Nella squadra londinese Alli si è trovato fin da subito molto bene, anche perché il modulo più usato in quei mesi da Pochettino era il 4-2-3-1, lo stesso in cui giocava al MK Dons. Inizialmente è stato impiegato in posizione arretrata davanti alla difesa, ruolo in cui, grazie alle sue doti fisiche e la sua aggressività nel gioco, ha fatto fin da subito un’ottima impressione. Dopo i risultati più che soddisfacenti ottenuti a centrocampo, nel corso della scorsa stagione Pochettino ha spostato Alli dietro l’unica punta della squadra, Harry Kane, per poter avere più opzioni di gioco. La mossa di Pochettino ha avuto un successo ancora più inaspettato del suo impiego da titolare fin dalle prime partite della stagione. Dietro la punta Alli può sfruttare ancora meglio le sue abilità nel gioco spalle alla porta e nei tiri dalla distanza, può fornire passaggi filtranti da praticamente qualsiasi posizione, inserirsi nell’area avversaria o farsi trovare pronto sui cross dei compagni, essendo forte anche nel gioco aereo (è alto quasi 1 metro e 90 centimetri).

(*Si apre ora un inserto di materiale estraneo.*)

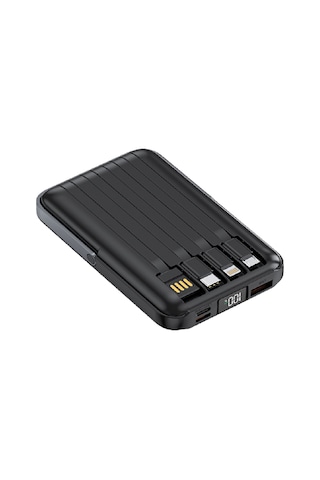Linktech WF27 Mini Led Ekranlı 10000 mAh 22.5w Powerbank Siyah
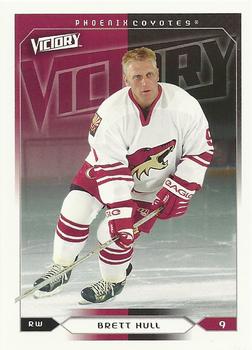 #148 Brett Hull - Phoenix Coyotes - 2005-06 Upper Deck Victory Hockey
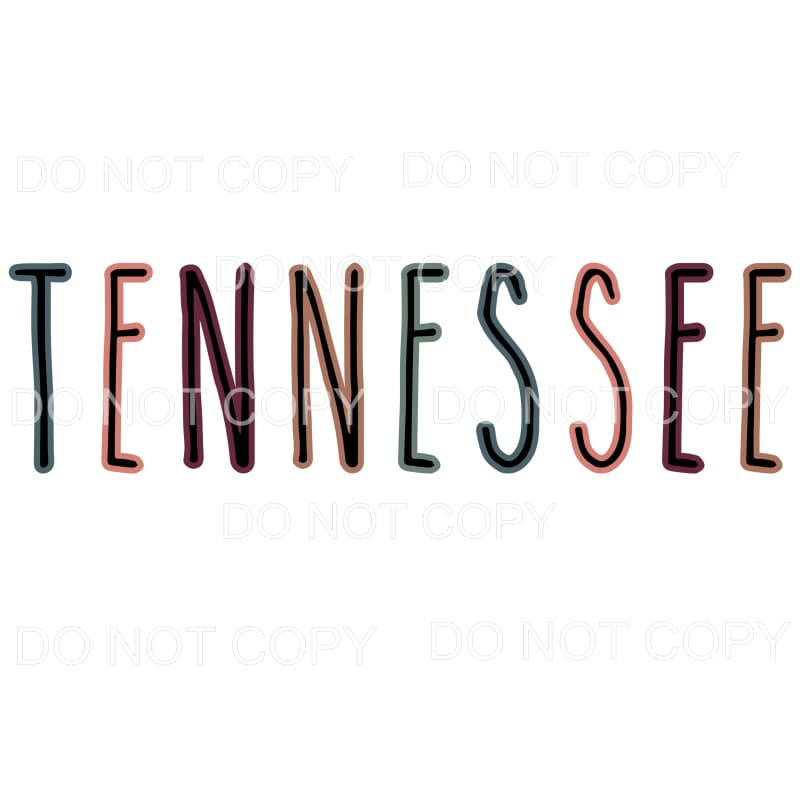 Tennessee # 446 Sublimation transfers - Heat Transfer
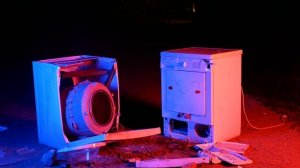 Washing Machine Brick Fight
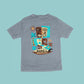 Leaky Tiki Children's Tee, Storm Grey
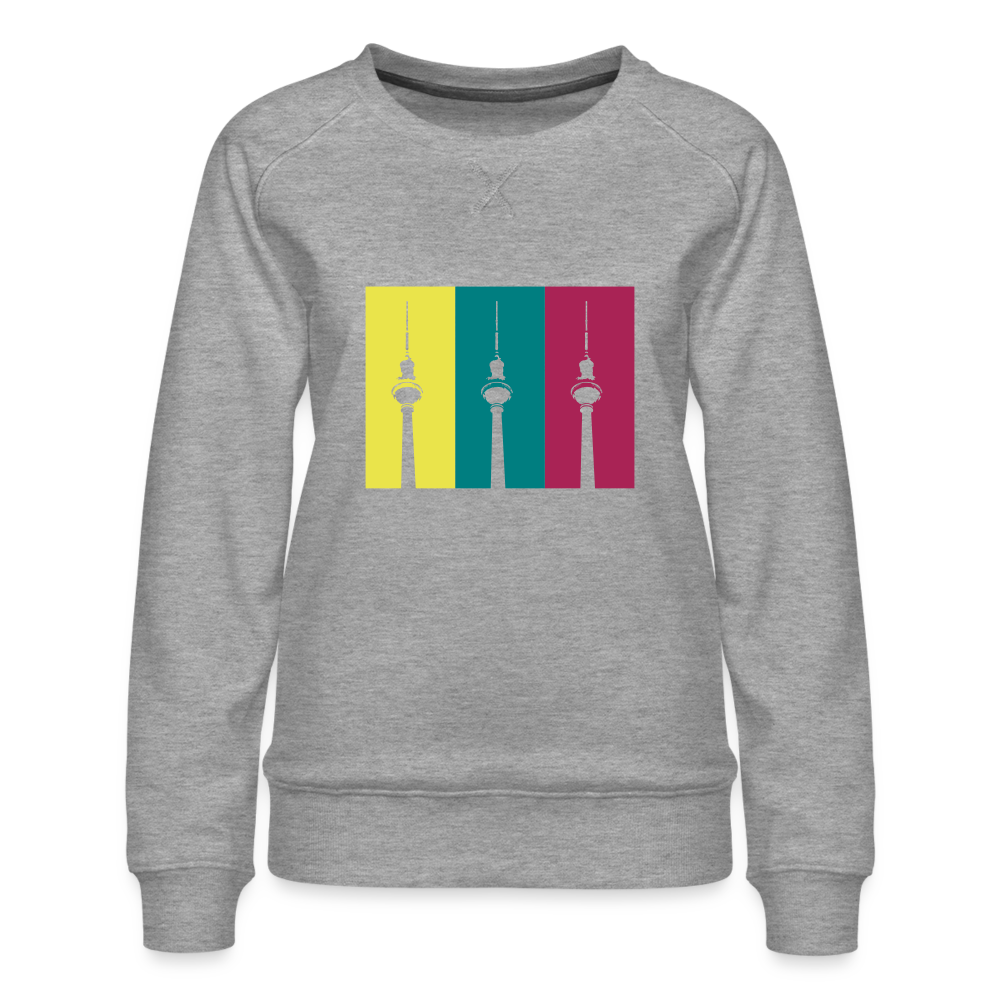 Berlin Retro - Frauen Premium Sweatshirt - heather grey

Alli ha concluso la sua prima stagione al Tottenham giocando 46 partite fra campionato e coppe, con 10 gol e 11 assist. Nel corso della scorsa stagione ha dimostrato in particolar modo di saper leggere le situazioni in campo per poi trovare la miglior soluzione possibile per quel preciso momento: una qualità molto rara in giocatori così giovani e con così poca esperienza. Alli ha anche esordito in nazionale nell’ottobre del 2015, nella partita di qualificazione agli Europei contro l’Estonia. Ne ha giocate poi altre due, contro Lituania e Spagna, e ha segnato poi il suo primo gol con la nazionale inglese in una partita amichevole contro la Francia, giocata a Wembley, con un tiro calciato da più di venti metri dalla porta avversaria. Inoltre, uno dei suoi dieci gol segnati con il Tottenham lo scorso anno — al Crystal Palace in un incontro di Premier League — è stato inserito nella lista dei dieci gol più belli dell’ultima stagione inglese.

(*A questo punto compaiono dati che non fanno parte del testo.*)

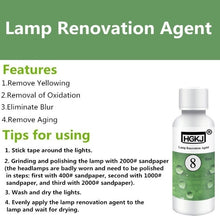 Load image into Gallery viewer, 2019 New HGKJ-8 HGKJ-11 20ml/50ml Headlight Lens Restoration System Auto Lens Repair Car Lens Cleaner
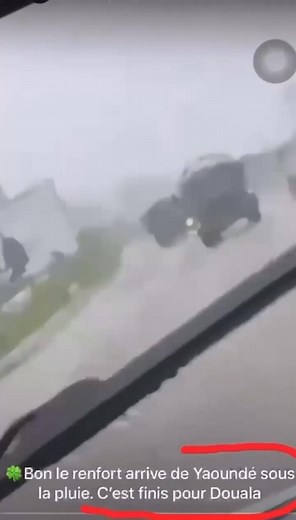 🔴🔴🔴 Les renforts de Yaoundé en route pour Douala. La France néocoloniale mène une guerre par procuration contre le Cameroun par l'entremise de leurs pions endo-colons Tchiroma Bakary et Kamto Maurice Restons vigilants et mobilisés. | Patrick Mballa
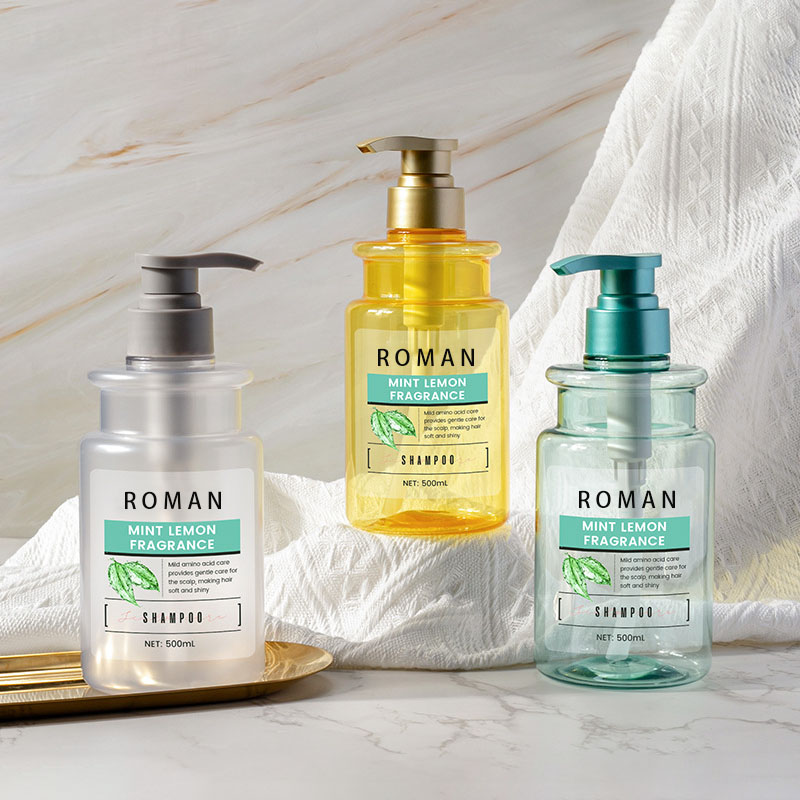 PET boca 300 ml 500 ml plastična preša prozirni losion za tijelo šampon tuš boca pumpa brtva za kremu parfem njega tijela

Chi pensava che Alli, dopo un esordio in Premier molto convincente, non potesse migliorare ancora quest’anno, è stato smentito: Alli ha disputato una prima parte di stagione senza precedenti per il calcio inglese. In 28 partite ha segnato 12 gol, 11 dei quali in Premier League. Ha segnato più di chiunque altro giocatore con meno di 21 anni nei principali campionati d’Europa e nessun altro centrocampista nella storia della Premier League era riuscito a segnare venti gol in una stagione e mezza. Alex Ferguson lo ha definito il centrocampista inglese più talentuoso di sempre dopo Paul Gascoigne; il suo allenatore, Pochettino, lo ha definito il giocatore più importante della nuova generazione di calciatori inglesi.

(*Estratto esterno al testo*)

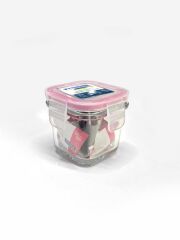 GLASSLOCK KARE CAM SAKLAMA KABI 120ML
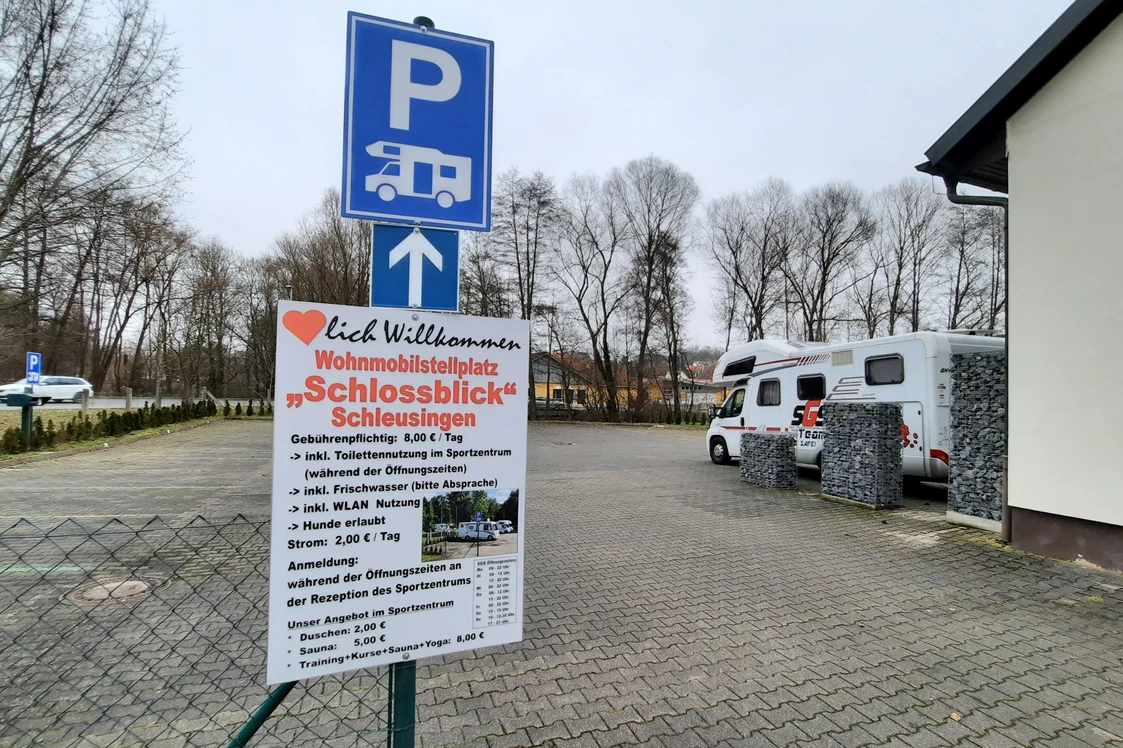 Wohnmobilstellplatz: Wohnmobilstellplatz "Schlossblick" Schleusingen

A inizio gennaio ha segnato due gol contro il Chelsea, entrambi di testa, nella prima sconfitta della squadra allenata da Antonio Conte dopo tredici vittorie di fila. Soprattutto grazie a quella vittoria ora il Tottenham è terzo in classifica a un punto di distanza dall’Arsenal. Alli, che ha segnato anche domenica scorsa contro il Manchester City, continua a giocare dietro l’unica punta e Pochettino, dopo che la società gli ha offerto un nuovo contratto da sei anni, sta costruendo la squadra intorno a lui: cosa che probabilmente farà da qui in avanti anche la nazionale inglese, che davanti ai recenti insuccessi e a prospettive non così rosee si trova per le mani un giocatore che probabilmente non ha mai avuto.